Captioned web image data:
++++++++

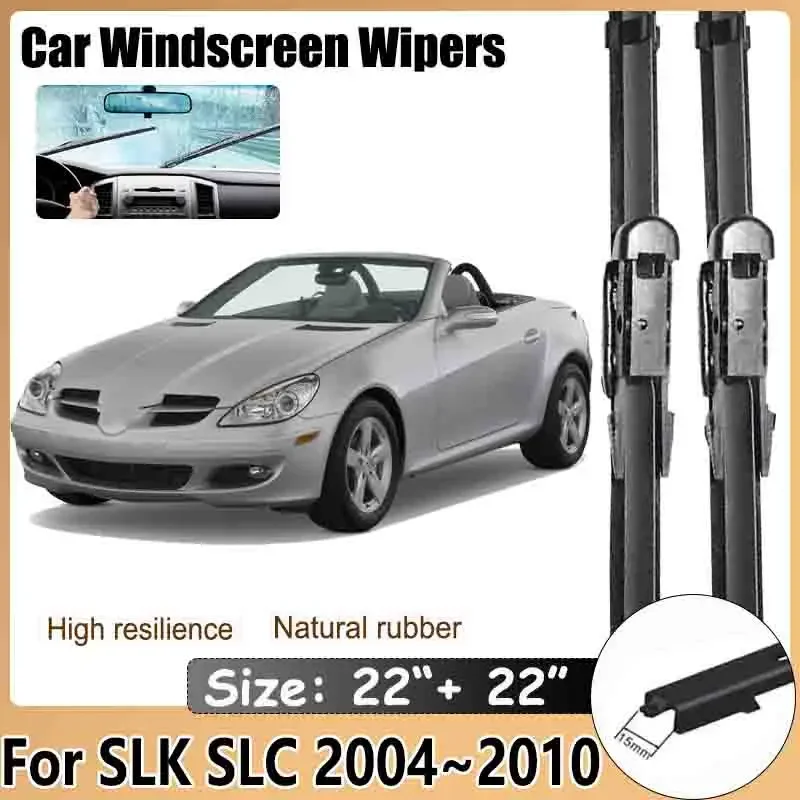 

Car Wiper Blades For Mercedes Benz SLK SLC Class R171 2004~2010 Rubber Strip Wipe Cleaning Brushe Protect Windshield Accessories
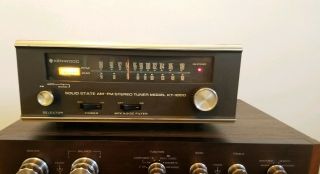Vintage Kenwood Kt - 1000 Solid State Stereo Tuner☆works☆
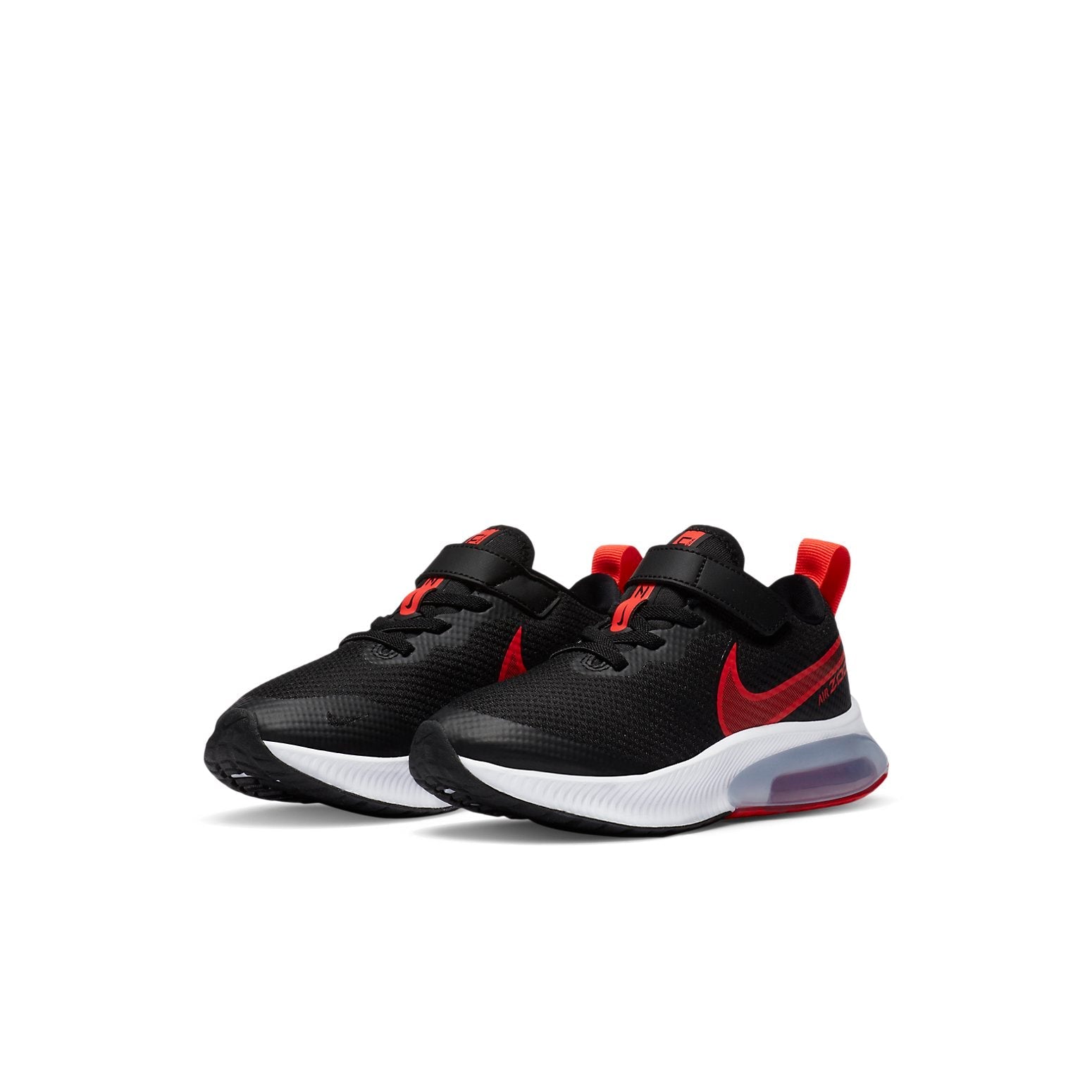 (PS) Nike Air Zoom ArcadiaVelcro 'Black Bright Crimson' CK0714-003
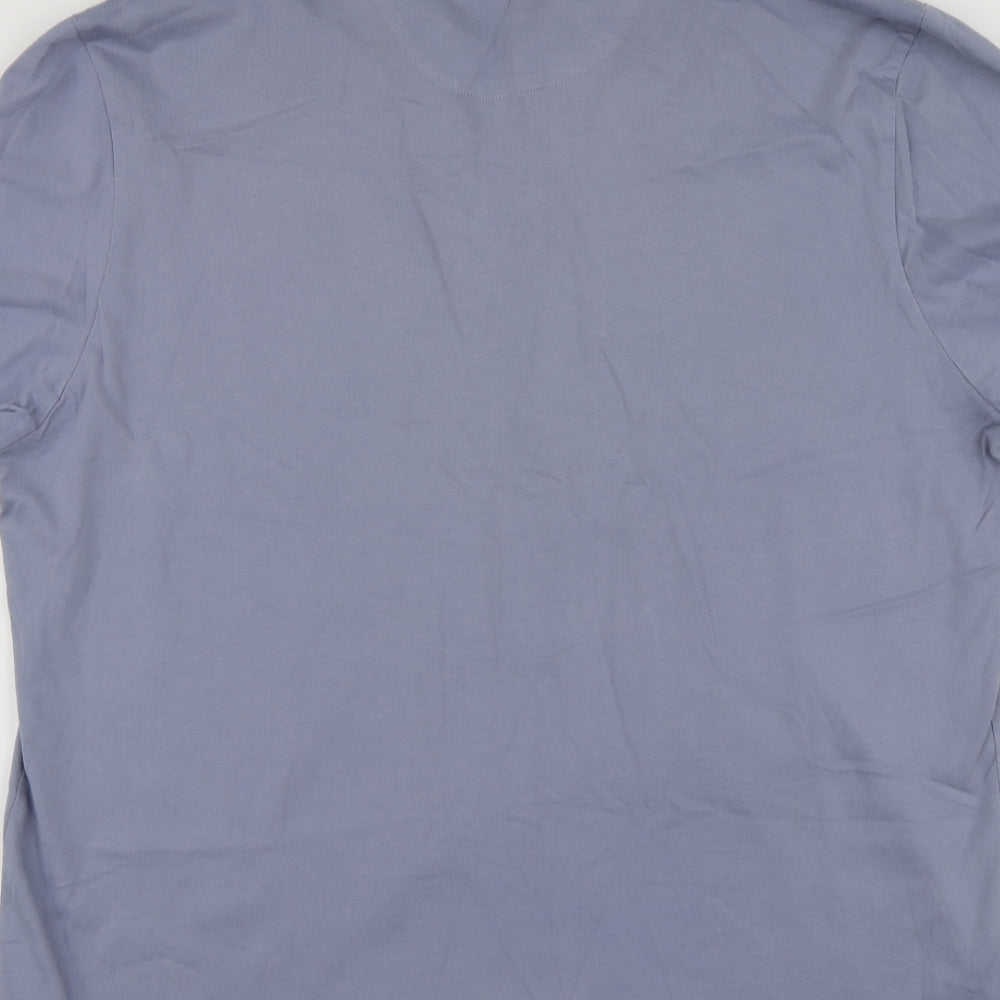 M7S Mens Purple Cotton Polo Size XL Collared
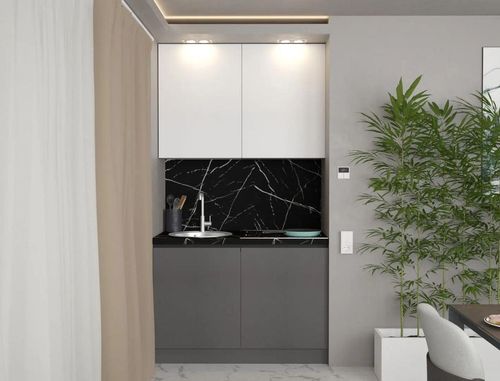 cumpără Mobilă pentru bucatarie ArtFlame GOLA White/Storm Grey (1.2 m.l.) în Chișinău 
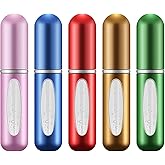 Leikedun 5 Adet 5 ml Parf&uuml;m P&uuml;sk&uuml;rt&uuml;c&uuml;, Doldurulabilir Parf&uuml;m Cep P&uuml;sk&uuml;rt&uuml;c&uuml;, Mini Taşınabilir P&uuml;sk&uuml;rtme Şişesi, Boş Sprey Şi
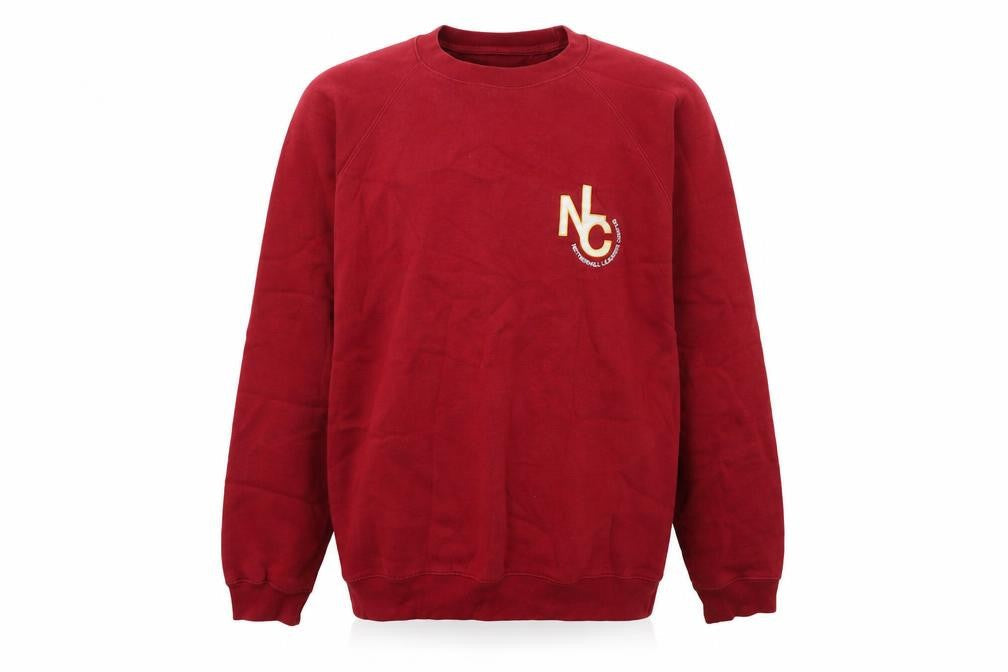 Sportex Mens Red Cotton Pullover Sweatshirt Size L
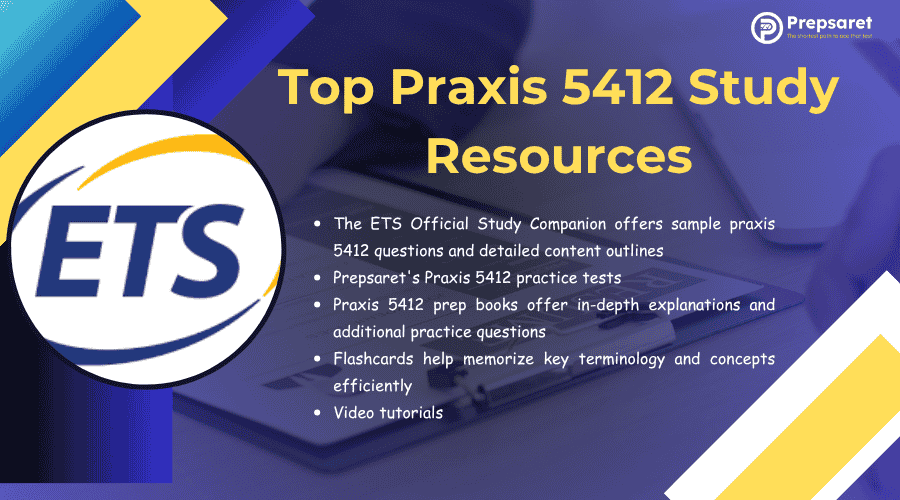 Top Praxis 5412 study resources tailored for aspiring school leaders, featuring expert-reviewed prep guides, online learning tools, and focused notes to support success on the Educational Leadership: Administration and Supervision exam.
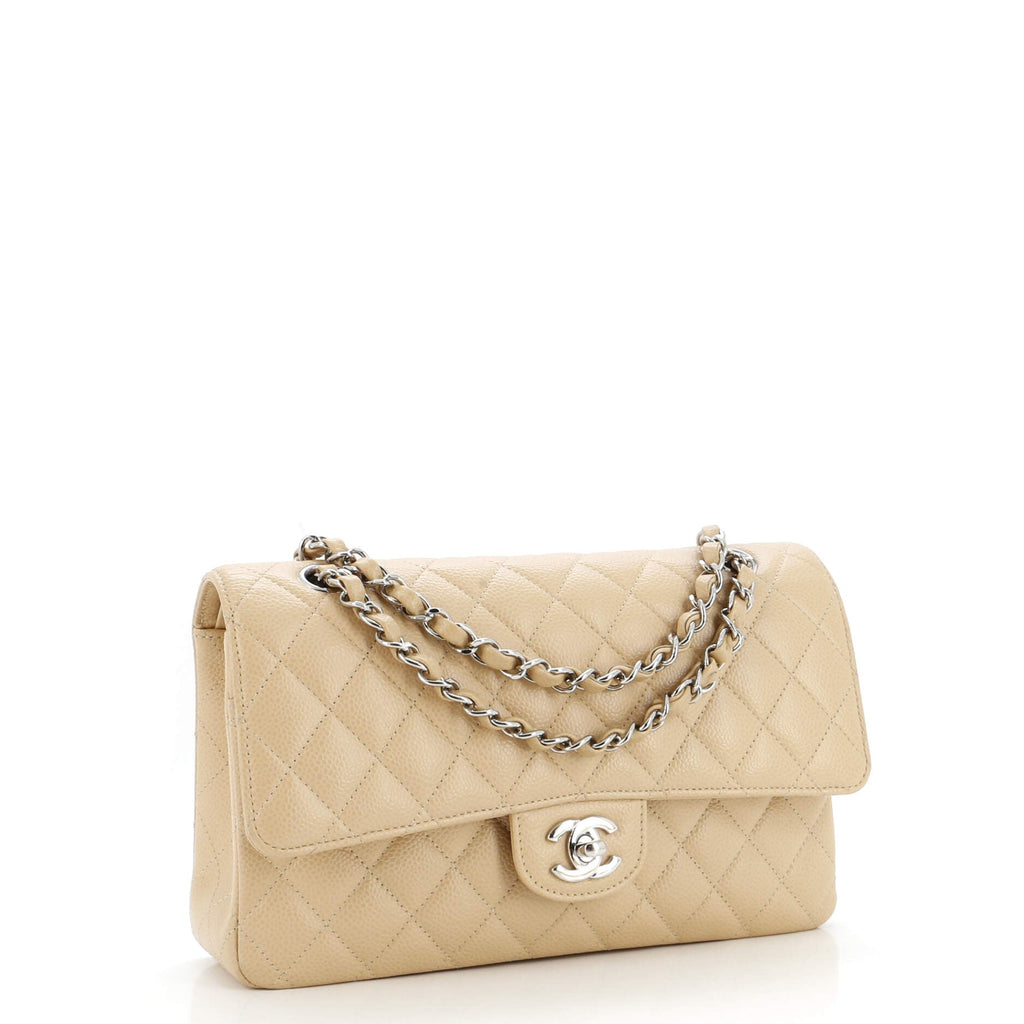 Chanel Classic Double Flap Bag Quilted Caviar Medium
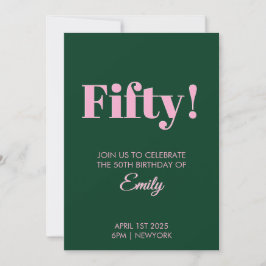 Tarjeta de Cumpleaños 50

++++++++

Your output should consist solely of the lines from the line containing "(PS) Nike Air" through the end of the data above, copied exactly, with images removed.

RESPONSE:
 (PS) Nike Air Zoom ArcadiaVelcro 'Black Bright Crimson' CK0714-003
 M7S Mens Purple Cotton Polo Size XL Collared
 cumpără Mobilă pentru bucatarie ArtFlame GOLA White/Storm Grey (1.2 m.l.) în Chișinău 
 Leikedun 5 Adet 5 ml Parf&uuml;m P&uuml;sk&uuml;rt&uuml;c&uuml;, Doldurulabilir Parf&uuml;m Cep P&uuml;sk&uuml;rt&uuml;c&uuml;, Mini Taşınabilir P&uuml;sk&uuml;rtme Şişesi, Boş Sprey Şi
 Sportex Mens Red Cotton Pullover Sweatshirt Size L
 Top Praxis 5412 study resources tailored for aspiring school leaders, featuring expert-reviewed prep guides, online learning tools, and focused notes to support success on the Educational Leadership: Administration and Supervision exam.
 Chanel Classic Double Flap Bag Quilted Caviar Medium
 Tarjeta de Cumpleaños 50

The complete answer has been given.